WHAT YOU WILL DO:
Omit all images, then repeat exactly the lines below from the one containing "Princess Cut Diamond" through the one containing "Dětské tričko Tati", both ends included.

SOURCE MATERIAL:
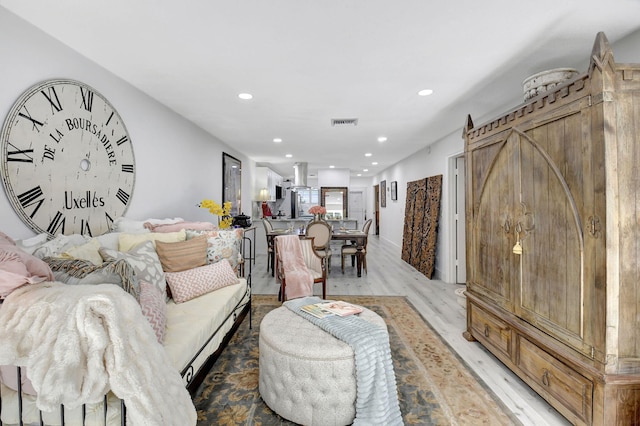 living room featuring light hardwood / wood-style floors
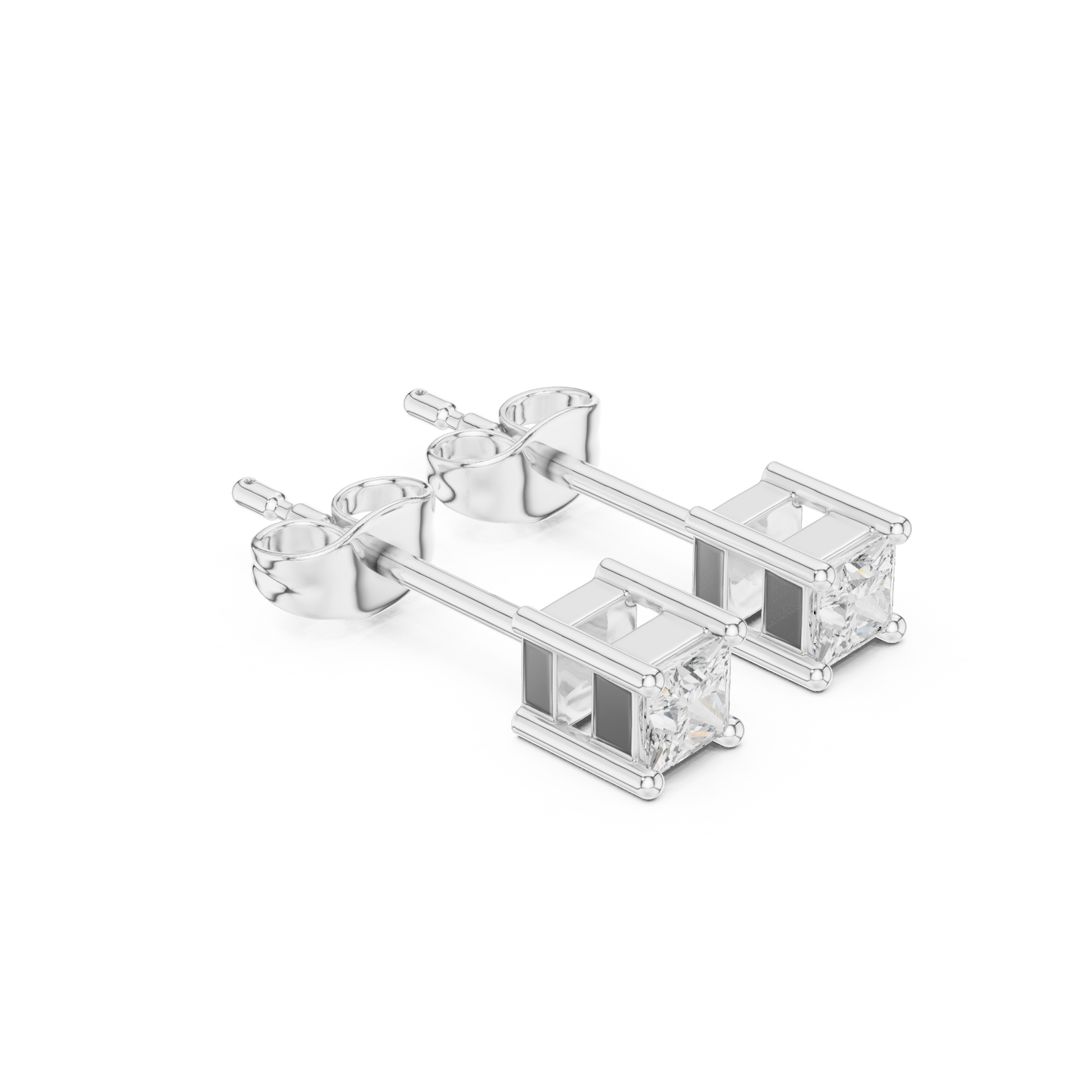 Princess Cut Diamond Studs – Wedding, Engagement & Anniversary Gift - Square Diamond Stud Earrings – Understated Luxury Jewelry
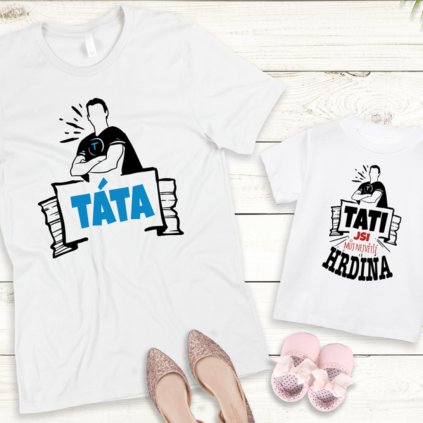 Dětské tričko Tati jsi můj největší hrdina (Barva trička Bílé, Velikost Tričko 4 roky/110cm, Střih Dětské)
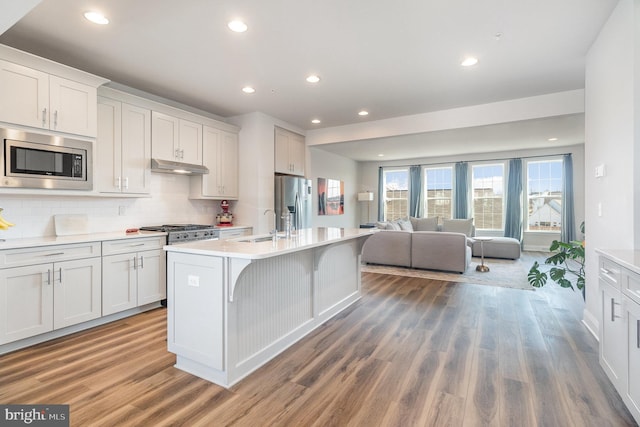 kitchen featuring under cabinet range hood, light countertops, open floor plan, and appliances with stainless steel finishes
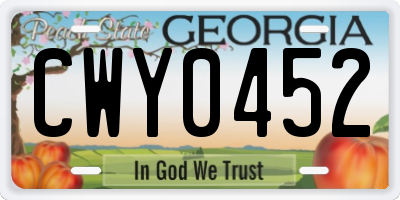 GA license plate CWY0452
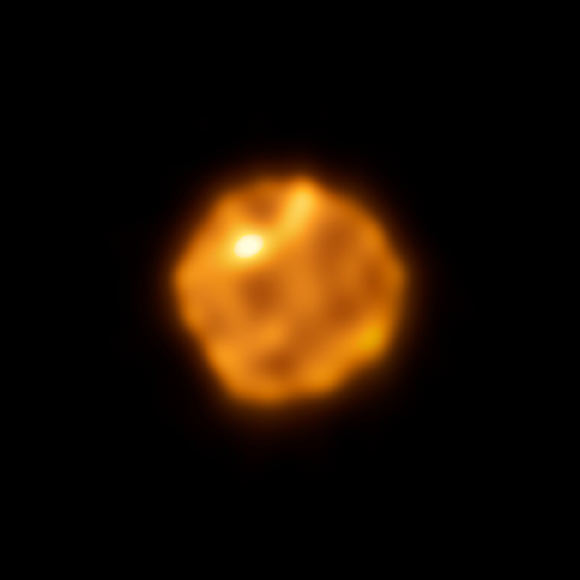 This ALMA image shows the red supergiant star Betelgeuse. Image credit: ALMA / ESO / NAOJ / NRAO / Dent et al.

EXERCISE ANSWER:
 Princess Cut Diamond Studs – Wedding, Engagement & Anniversary Gift - Square Diamond Stud Earrings – Understated Luxury Jewelry
 Dětské tričko Tati jsi můj největší hrdina (Barva trička Bílé, Velikost Tričko 4 roky/110cm, Střih Dětské)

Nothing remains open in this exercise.